Fewer people last month were actively looking for work in Kansas and thus weren’t counted as unemployed.

FAIRWAY — Kansas’ unemployment rate dropped a notch in April, but trend watchers aren’t cheering. The seemingly good news may actually indicate trouble for the state’s economy.

A jump in seasonal hiring for construction, retail and leisure industries — golf courses and water parks, for example — helped trim Kansas’ unemployment rate to 6.1 percent in April, the Kansas Department of Labor reported Friday. That’s down from 6.2 percent in March, and 6.7 percent in April 2011.

The rate fell for another reason, too.

Fewer people last month were actively looking for work in Kansas and thus weren’t counted as unemployed, said Tyler Tenbrink, a labor economist with the state labor department.

Nearly 3,000 workers among 1.5 million in the state’s civilian labor force dropped out of job market in April, and between 2,200 and 3,600 a month have similarly vanished since January.

“The statistics don’t tell us why,” Tenbrink, said. “We don’t know how many retired, moved out of state or just stopped looking for work.”

The most recent estimates of how many workers are in this group or are working part time because they can’t find full-time jobs don’t yet include April’s numbers. Based on the first quarter 2012 figures available, however, probably more than 174,000 Kansans, or 11 percent of the workforce, would take a full-time job, Tenbrink estimated.

The shrinking workforce is a disturbing omen for the state’s economy, said Ernie Goss, a Creighton University economist in Omaha who also watches Kansas economic trends.

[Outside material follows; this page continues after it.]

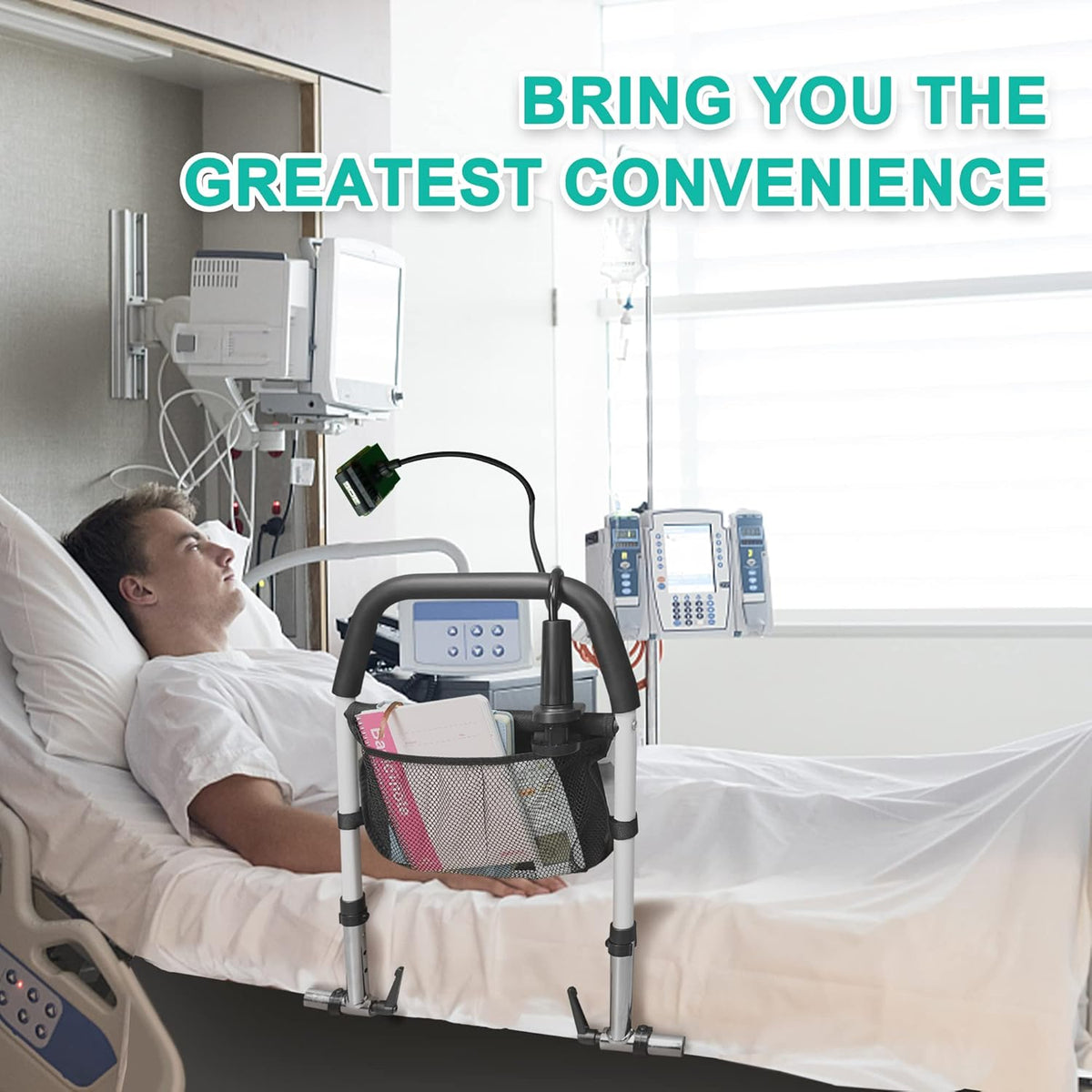 Bed Assist Rail with Fall Prevention Guard, Adjustable Height, Storage Pocket & Tablet Phone Holder, Pack of 2 B596965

Having fewer workers instead of more jobs “makes unemployment rates better for the wrong reason,” he said.

Unlike labor department statisticians who use month-end results to track Kansas’ performance, Goss seeks signs of how things might change in the future.

Each month, he and fellow economists at the Creighton Economic Forecasting Group, an analytical arm of Creighton’s business college, conduct two surveys — of business purchasing managers in cities and community bankers in small-town and rural areas — throughout the Midwest, asking for their view of economic conditions in their communities in the next three to six months.

The results are then converted into a 100-point index on which readings above 50 indicate expected growth or expansion, and readings below 50 indicate contraction or recession.

The latest numbers for Kansas and its labor market, released Thursday, are mixed, Goss said. The state’s overall index is a healthy 62.1, up from 49.1 in April. High land values in rural Kansas, farm income prospects and a drop in energy prices were big contributors to the change, he said.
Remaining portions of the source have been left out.